Over the last 17 years really exciting things have happened in my life, I have 7, yes 7 grandchildren now, I’ve discovered Art, a creative skill I never knew I had, I am chasing my passions and attending college in May.

I have accepted things the way they are and the way they were. I don’t expect more from people than they can give. No more blame. I can take responsibility of the choices I made and can put them behind me. I am able to let go of the past.

I am at peace 🙏 and growing every year.

Happy Birthday to me and all my fellow warrior’s.

#togetherwewin

Mental Health

Relationships in early recovery…..

Hello fellow warrior’s! I hope you’re all striving everyday and making good progress ✨️

I wanted to talk about relationships in early recovery and the set backs it can have on your very own recovery.

You’ve heard it all the time, you can’t do it alone. No matter what you’re facing in life, it doesn’t have to be about addiction, its tough at times, really tough, and we all need support.  Someone who understands what your going through and has walked through the darkness.

During early recovery, we are so fragile. Our emotions are raw and we don’t know how to deal with everything that is coming up. The high alert, the endless voices in our heads that we fight daily, the not knowing how to fill our time, the anger, the sorrow. The total lifestyle changes, the letting go of some friends and family.  Not out of spite but for our own healing.

We are vulnerable and are the first ones to offer help to others on their journey when we’ve come a little father than the person asking for help. We think we can do it together. What a great idea, we think.  Intentions are well put but the outcome can be very dangerous.

I’m referring to a friend who has reached out and is asking you to help them. They ask how you did it for the last several months and admire your ability. They ask for help and slowly start spending time together and sharing stories, going to meetings and holding each other accountable.  You’re both doing the steps to stay sober.

It is wonderful to be able to offer help to someone you care about, but you’re also taking on their sobriety. You end up worrying more about them and putting yourself and your own recovery to the side and you don’t quite understand just how fragile you are. Its not your fault you’re just trying to help and, not do it alone…
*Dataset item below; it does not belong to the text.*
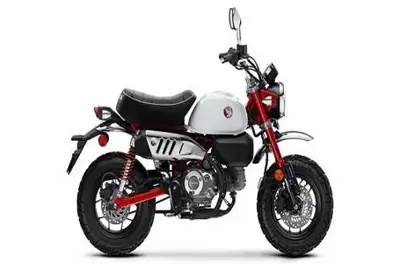 $285 Dealer Assembly + $293 Vehicle Processing Engine Type: Single-Cylinder Displacement: 7.6 cu. in...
Things go really good and you’re spending maybe a little too much time together but, it seems to be working, until something triggers  one of you. Something happens that a person in early recovery can’t control and they lash out possibly at you, because you’re there. Something was said and you leave in a maddened state and take a break from each other. Now fast forward and you’re reaching out to your friend but can’t reach him for 2 days. Now, your full of anxiety, anger, quilt and worry. Your focus is now on him and not you. Its a set back for your friendship and putting your recovery at high risk. The warning bells are going off. Negative thoughts and blame to yourself comes in. Your replaying everything that has happened. You believe its your fault for his relapse, but you don’t even know if he has because you can’t reach him.

Now you have to step back and refocus back to where you were in your recovery. Detach from the friendship and concentrate on your own sobriety.

Even with your hand and heart out to help, you must help yourself first. You must set boundaries with everyone in your life. You can not overextend or give more to someone else than you give yourself. Allow yourself to heal. Be alone with yourself and be comfortable. If you’re single, especially, start dating yourself! Put something on that makes you feel good and go for coffee, go shopping, go to a meeting!

Helping is never wrong or a mistake. It is what we are here to do. Help one another but like the saying says “Until you help yourself, you can not help anyone”.

Master your own path so others can follow.